1. ## Set Proof check

I need to prove each side is a subset of the other.

Let F be a function. Show that $F(A$ U $B)$ = $F(A)$ U $F(B)$

Let (x,y) be $\in$ $F(A$ U $B)$. Then there exists a point F(X) and a point F(y) such that x or y $\in$ $F(A)$ or $F(B)$. Since (x,y) $\in$ $F(A$ U $B)$ it follows (x,y) $\in$ $F(A)$ U $F(B)$.

Am i on the right track?
I did the other half but I did not want to waste time typing it if this was wrong, since I used a similar method.

2. ## Set Proof

Hello p00ndawg
Originally Posted by p00ndawg
I need to prove each side is a subset of the other.

Let F be a function. Show that $F(A$ U $B)$ = $F(A)$ U $F(B)$

Let (x,y) be $\in$ $F(A$ U $B)$. Then there exists a point F(X) and a point F(y) such that x or y $\in$ $F(A)$ or $F(B)$. Since (x,y) $\in$ $F(A$ U $B)$ it follows (x,y) $\in$ $F(A)$ U $F(B)$.

Am i on the right track?
I did the other half but I did not want to waste time typing it if this was wrong, since I used a similar method.
You're kind of on the right track, but you're not using the notation correctly. So let me start you off.

As you say, we need to prove that each set is a subset of the other, in order to prove they're equal. So let's prove first that $F(A \cup B) \subseteq (F(A) \cup F(B))$. We do this by choosing an element in the first set, and showing that it's also in the second.

So let's suppose that $y \in F(A \cup B)$. That means that there's an $x \in (A \cup B)$ for which $y = F(x)$.

Now $[x \in (A \cup B)] \Rightarrow [(x \in A) \lor (x\in B)]$

But $[x \in A]\Rightarrow [y \in F(A)]$ and $[x \in B]\Rightarrow [y \in F(B)]$

So $[x \in (A \cup B)]\Rightarrow [(y \in F(A)) \lor (y \in F(B))]$

$\Rightarrow y \in (F(A) \cup F(B))$

So we've just proved that $[y \in F(A \cup B)] \Rightarrow [y \in (F(A) \cup F(B))]$. In other words, that $F(A \cup B) \subseteq (F(A) \cup F(B))$

OK? Now you've got to prove it the other way round. Start with $y \in (F(A) \cup F(B))$ and $y = F(x)$ ...

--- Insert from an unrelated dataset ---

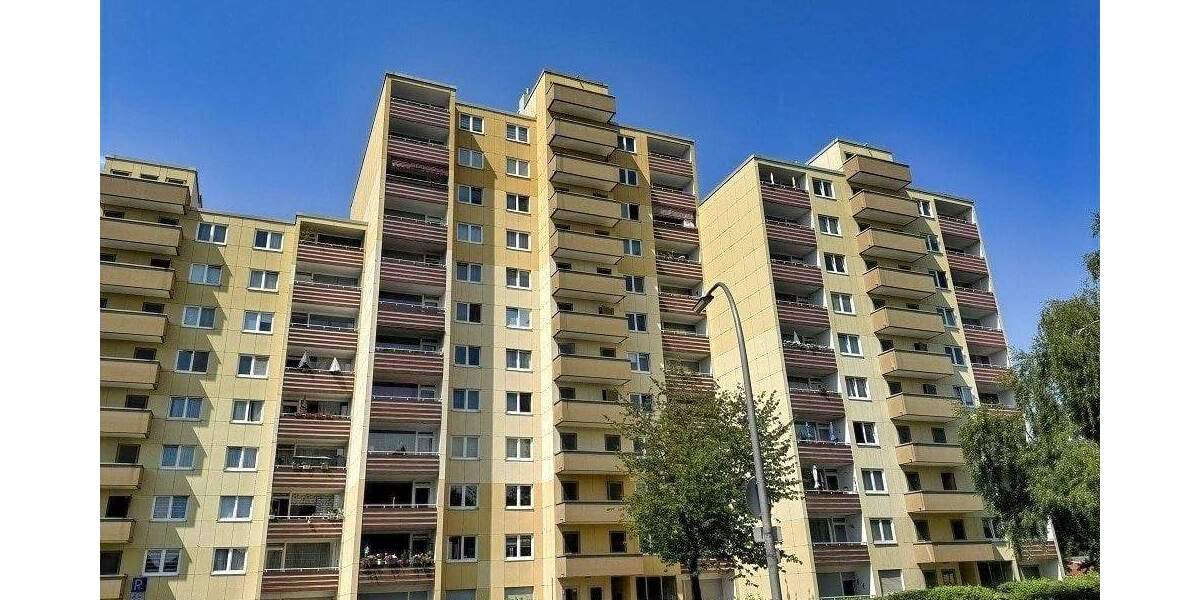 Etagenwohnung Köln Höhenberg - 2 Zimmer, 57 m&sup2;, 180.000&euro; | Angebot:25779465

3. ok lets see if this is right...

Suppose $Y \in F(A) \cup F(B)$and $y = F(x).$
Since $y \in F(A) \cup F(B)$, $Y \in F(A)$ or $Y \in F(B)$.
If $Y \in F(A)$, then $x \in A$, and if $y \in F(B)$then $x \in B$.
Because $y \in F(A) \cup F(B)$, it follows that $x \in A$ or $x \in B$.

Thus, $F(A) \cup F(B) \subseteq F(A \cup B)$.

4. Originally Posted by p00ndawg
Suppose $Y \in F(A) \cup F(B)$and $y = F(x).$
Since $y \in F(A) \cup F(B)$, $Y \in F(A)$ or $Y \in F(B)$.
If $Y \in F(A)$, then $x \in A$, and if $y \in F(B)$then $x \in B$.
Because $y \in F(A) \cup F(B)$, it follows that $x \in A$ or $x \in B$.

Thus, $F(A) \cup F(B) \subseteq F(A \cup B)$.
I think that you have a great deal of work to do on understanding the notation involved in this question.
There is no way to prove something if you cannot use the correct notation.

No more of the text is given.